Short web captions

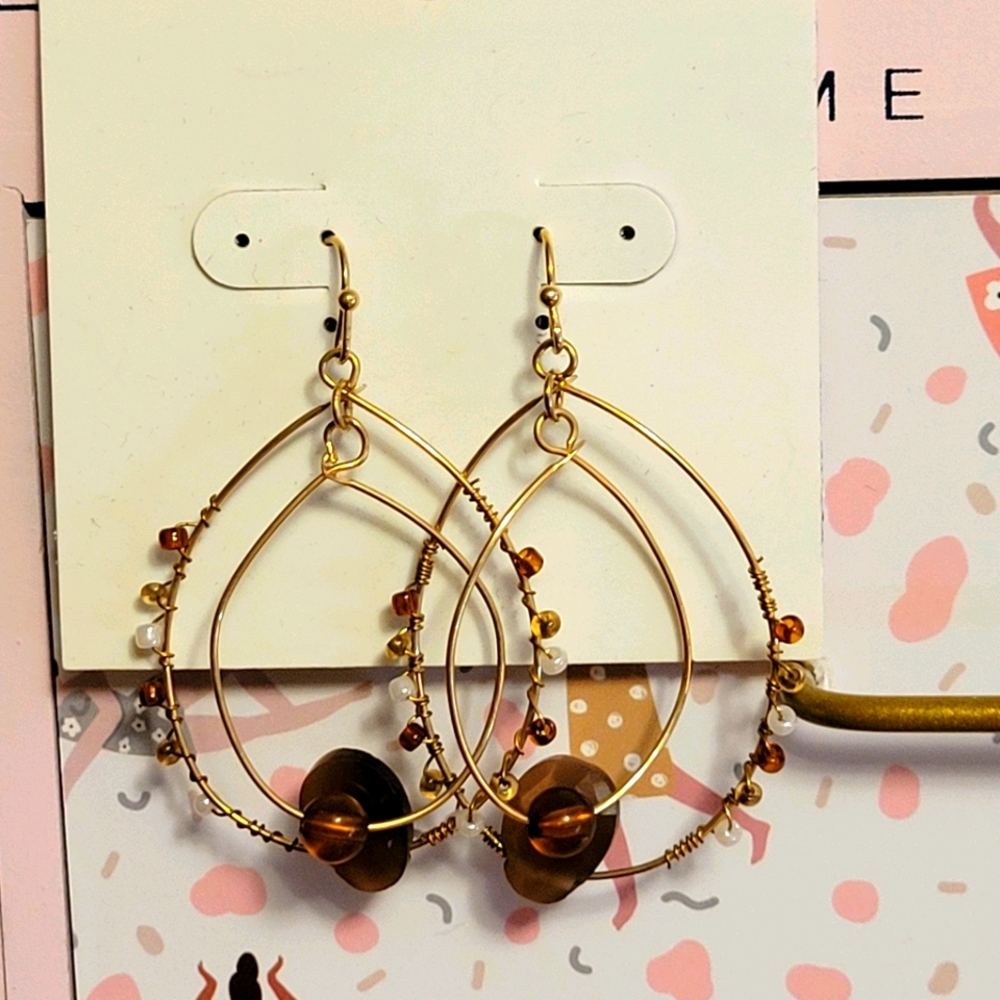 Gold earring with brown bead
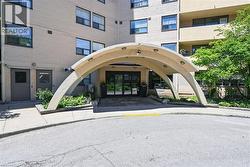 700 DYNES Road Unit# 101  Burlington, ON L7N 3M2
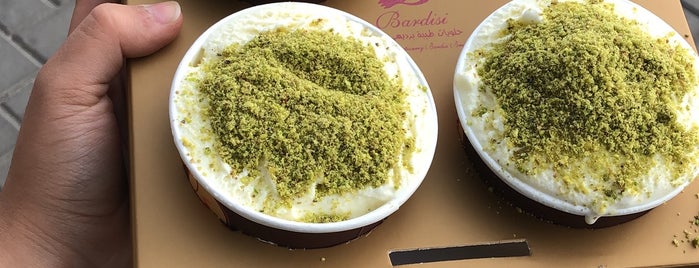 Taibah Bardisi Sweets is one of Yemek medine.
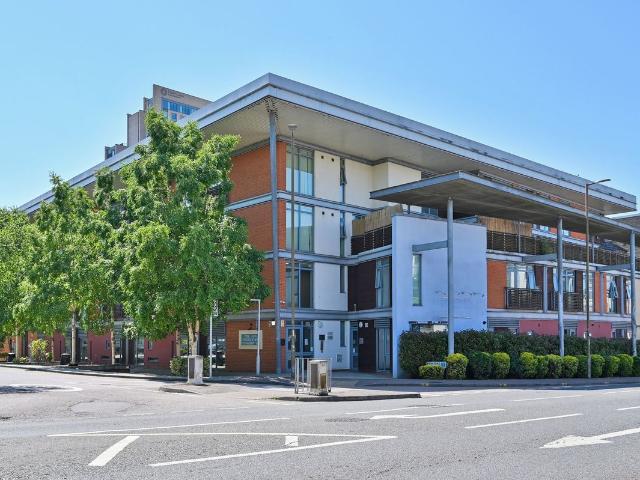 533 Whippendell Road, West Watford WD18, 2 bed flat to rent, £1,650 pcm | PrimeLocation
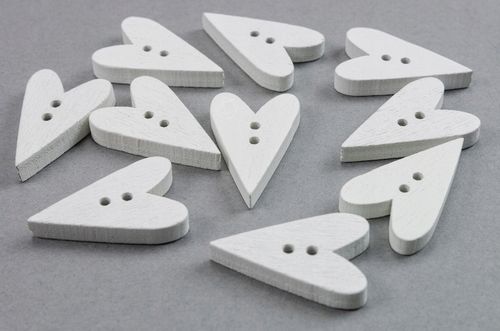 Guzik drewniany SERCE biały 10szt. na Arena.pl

▸ **Directions for this task**
Nothing but the lines from the one containing "533 Whippendell Road, West" through the final line of the records, both included and copied exactly, should appear in the answer; pictures stay out.

▸ **Solution to the exercise**
 533 Whippendell Road, West Watford WD18, 2 bed flat to rent, £1,650 pcm | PrimeLocation
 Guzik drewniany SERCE biały 10szt. na Arena.pl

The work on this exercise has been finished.